- Information provided -
§ §

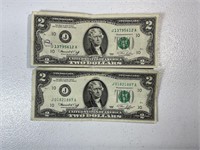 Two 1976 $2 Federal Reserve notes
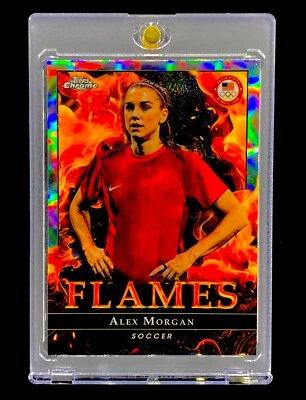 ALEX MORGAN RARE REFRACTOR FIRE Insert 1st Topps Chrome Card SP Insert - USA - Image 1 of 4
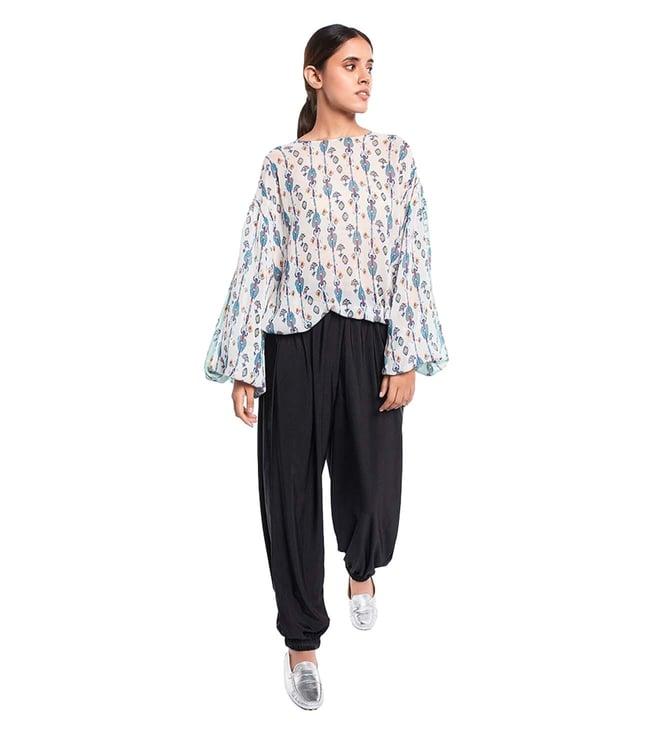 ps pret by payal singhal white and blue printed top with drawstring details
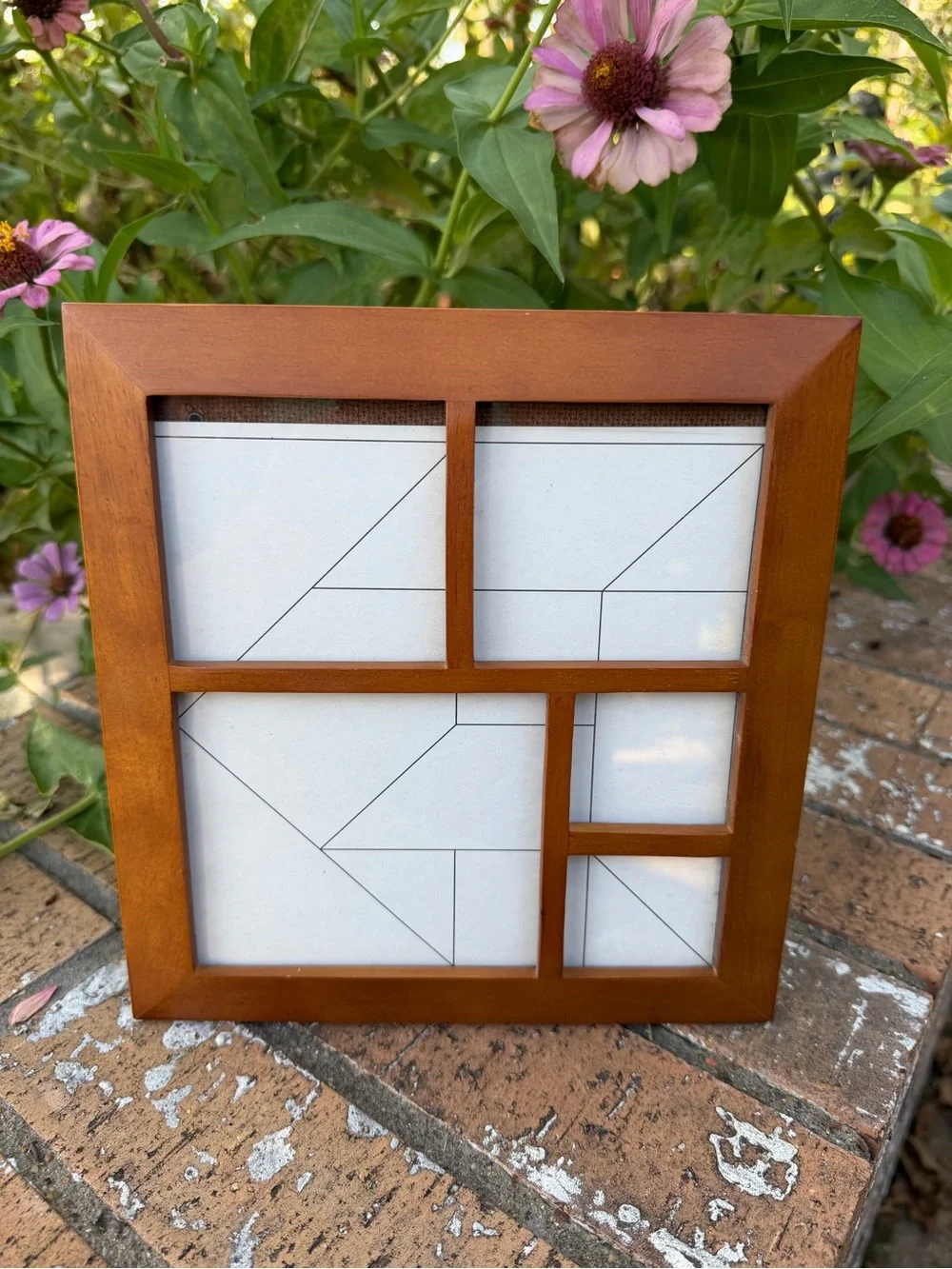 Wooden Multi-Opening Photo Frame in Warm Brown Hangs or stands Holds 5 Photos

§ §

- Required work -
Without including any pictures, print all of the material exactly as given.

- Answer space -
 Two 1976 $2 Federal Reserve notes
 ALEX MORGAN RARE REFRACTOR FIRE Insert 1st Topps Chrome Card SP Insert - USA - Image 1 of 4
 ps pret by payal singhal white and blue printed top with drawstring details
 Wooden Multi-Opening Photo Frame in Warm Brown Hangs or stands Holds 5 Photos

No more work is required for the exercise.